Britain’s 4G spectrum auction raised a third less than expected. UK telecommunications companies paid £2.3 billion to snap up the extra bandwidth needed to run next generation mobile data networks, that’s £1.2 billion less than the amount penciled-in by the government.
What does this mean for New Zealand’s spectrum sale which will probably take place later this year?
Previously there’s been speculation an open auction of the 700MHz band could raise $200 million. That figure may look ambitious now.
Vodafone and Telecom NZ are both experimenting with 4G services and are likely to bid for the new spectrum. 2Degrees could also take part and smaller players have bid for spectrum in earlier auctions.
The 700Mhz band is a sweet spot for mobile broadband – at those frequencies mobile signals do a better job of reaching through buildings in densely populated areas like central business districts.
As a rule of thumb, the lower the frequency, the higher the value of spectrum to carriers.
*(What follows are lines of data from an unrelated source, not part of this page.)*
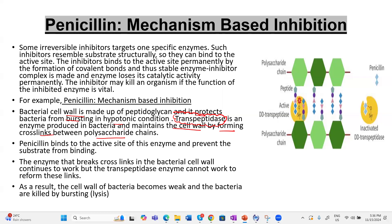The antibiotic penicillin binds to the active site of the transpeptidase enzyme, and this binding is irreversible. When a chemical binds irreversibly to the active site, the enzyme loses its catalytic activity permanently — forming a stable enzyme-inhibitor complex. The substrate cannot bind because the inhibitor binding is irreversible, so the enzyme transpeptidase can no longer work.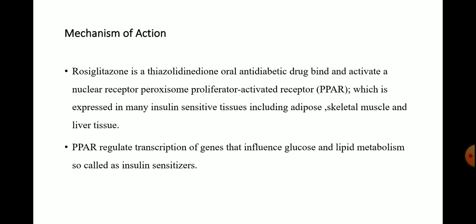The mechanism of action of rosiglitazone: rosiglitazone is a thiazolidinedione oral anti-diabetic drug that binds and activates a nuclear receptor, peroxisome proliferator activated receptor, which is expressed in many insulin-sensitive tissues including adipose, skeletal muscle, and liver tissue. The peroxisome proliferator activated receptor regulates the transcription of genes that influence glucose and lipid metabolism, so it is called an insulin sensitizer.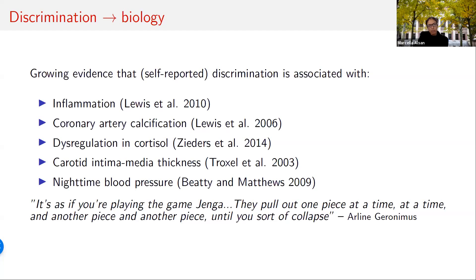Epidemiologist Arline Geronimus and colleagues found that self-reported experiences of racial discrimination are significantly associated with higher levels of C-reactive protein, a marker of inflammation, as well as coronary artery calcification among Black adults. These associations remain robust to adjustment for demographics and other risk factors. Exposure to discrimination has also been shown to be associated with dysregulation in cortisol, carotid intima-media thickness, and elevated blood pressure. The wear and tear, or 'weathering,' as Arline Geronimus calls it, on the body from the stress of discrimination may lead to accelerated aging in Black compared to white Americans. This evidence base provides a pathway from the social construct of race and unequal health outcomes, rather than innate biological differences.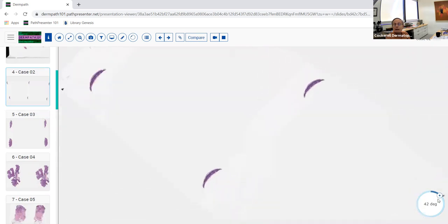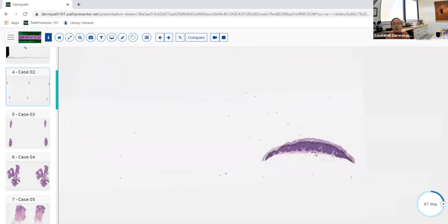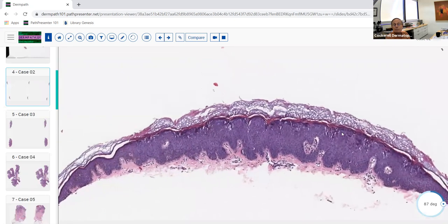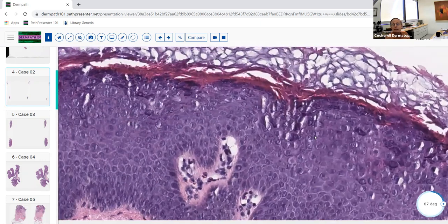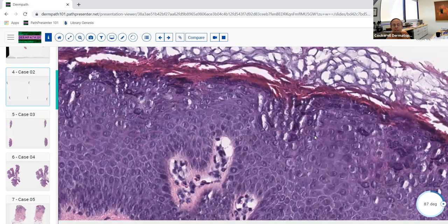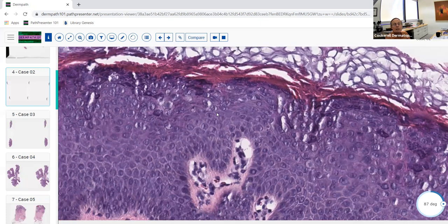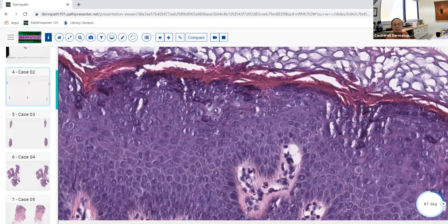This is a shave biopsy. Notice that this one does not have all that prominent papillomatosis and digitation — it's got only slight papillomatosis. But it also has koilocytic change, which are these vacuolated areas in the cornified cells, usually in the stratum granulosum or stratum spinosum. They have hypergranulosis and pallor. This is classic for koilocytic change.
There’s also a Māori claim for spectrum which many expect could be used by iwi as a bargaining counter to wrest back some control of 2degrees – although that is not the only course of action open to Māori.
You could argue New Zealand’s carriers paid too much for 3G spectrum in 2001, it’ll be interesting to see how they act this time. While no-one wants to be locked out of 4G, the carriers will be just as wary of overbidding.